Give back each entry unchanged, minus pictures.

Entries supplied:
▬▬▬
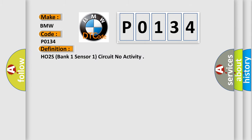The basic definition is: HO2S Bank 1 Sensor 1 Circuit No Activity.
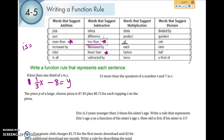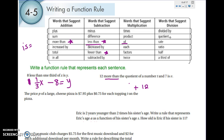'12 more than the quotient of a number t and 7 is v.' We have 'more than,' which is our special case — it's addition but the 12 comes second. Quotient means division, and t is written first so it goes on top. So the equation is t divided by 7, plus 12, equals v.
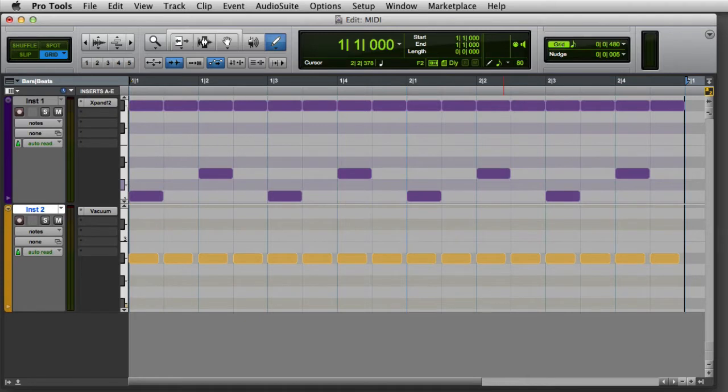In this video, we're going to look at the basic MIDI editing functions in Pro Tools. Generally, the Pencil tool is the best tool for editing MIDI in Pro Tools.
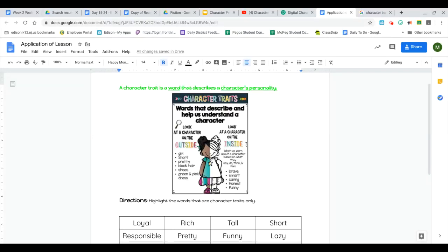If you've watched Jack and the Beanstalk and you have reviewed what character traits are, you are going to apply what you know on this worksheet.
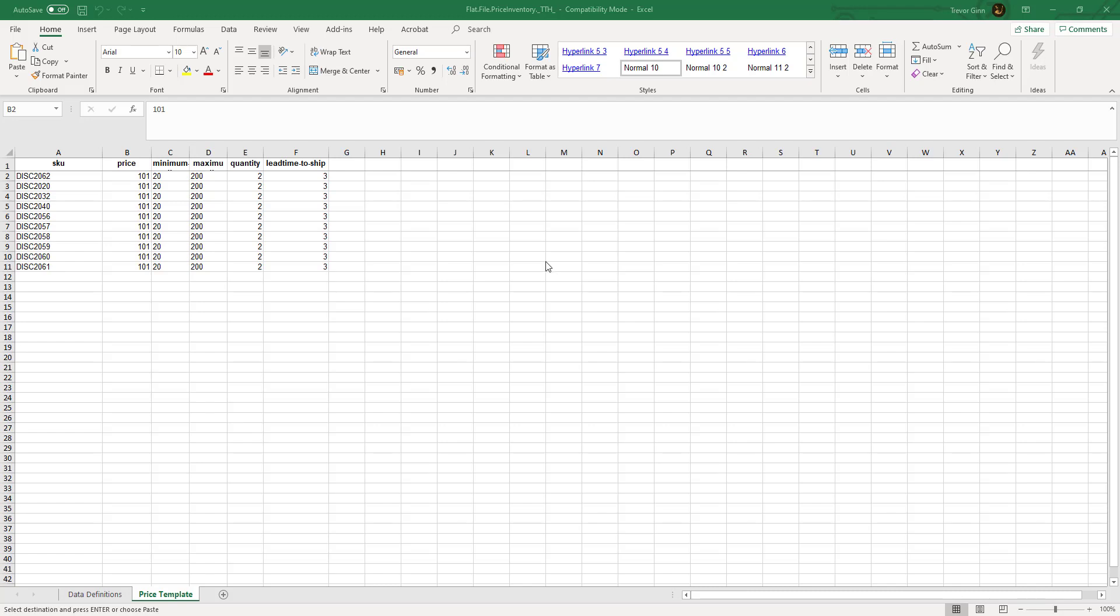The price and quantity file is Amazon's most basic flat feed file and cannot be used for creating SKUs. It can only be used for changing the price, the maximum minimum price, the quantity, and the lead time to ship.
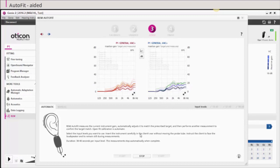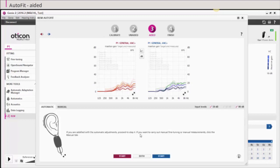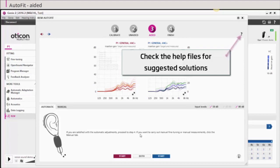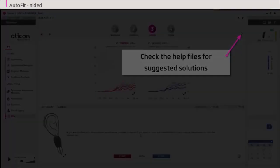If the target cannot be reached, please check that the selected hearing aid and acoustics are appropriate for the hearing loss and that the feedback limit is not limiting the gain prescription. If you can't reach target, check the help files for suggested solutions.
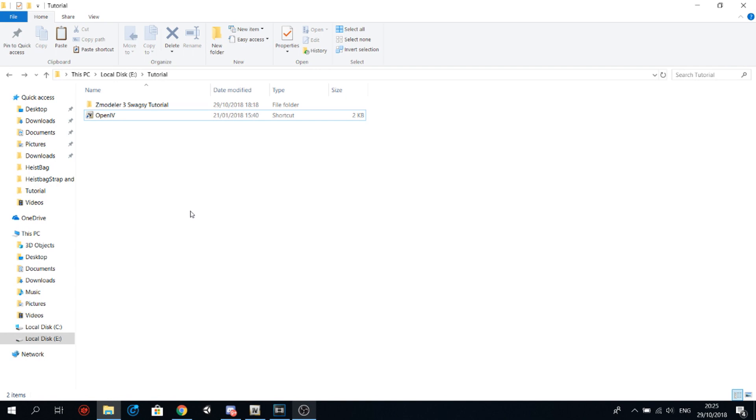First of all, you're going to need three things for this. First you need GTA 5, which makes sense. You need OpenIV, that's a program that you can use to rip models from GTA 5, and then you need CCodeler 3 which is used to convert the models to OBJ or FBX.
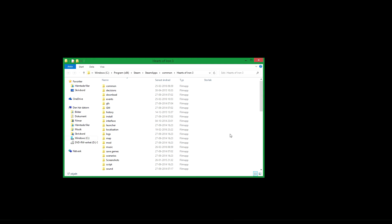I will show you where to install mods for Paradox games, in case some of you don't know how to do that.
▬▬▬
Output:
The basic definition is: HO2S Bank 1 Sensor 1 Circuit No Activity.
'12 more than the quotient of a number t and 7 is v.' We have 'more than,' which is our special case — it's addition but the 12 comes second. Quotient means division, and t is written first so it goes on top. So the equation is t divided by 7, plus 12, equals v.
In this video, we're going to look at the basic MIDI editing functions in Pro Tools. Generally, the Pencil tool is the best tool for editing MIDI in Pro Tools.
If you've watched Jack and the Beanstalk and you have reviewed what character traits are, you are going to apply what you know on this worksheet.
The price and quantity file is Amazon's most basic flat feed file and cannot be used for creating SKUs. It can only be used for changing the price, the maximum minimum price, the quantity, and the lead time to ship.
If the target cannot be reached, please check that the selected hearing aid and acoustics are appropriate for the hearing loss and that the feedback limit is not limiting the gain prescription. If you can't reach target, check the help files for suggested solutions.
First of all, you're going to need three things for this. First you need GTA 5, which makes sense. You need OpenIV, that's a program that you can use to rip models from GTA 5, and then you need CCodeler 3 which is used to convert the models to OBJ or FBX.
I will show you where to install mods for Paradox games, in case some of you don't know how to do that.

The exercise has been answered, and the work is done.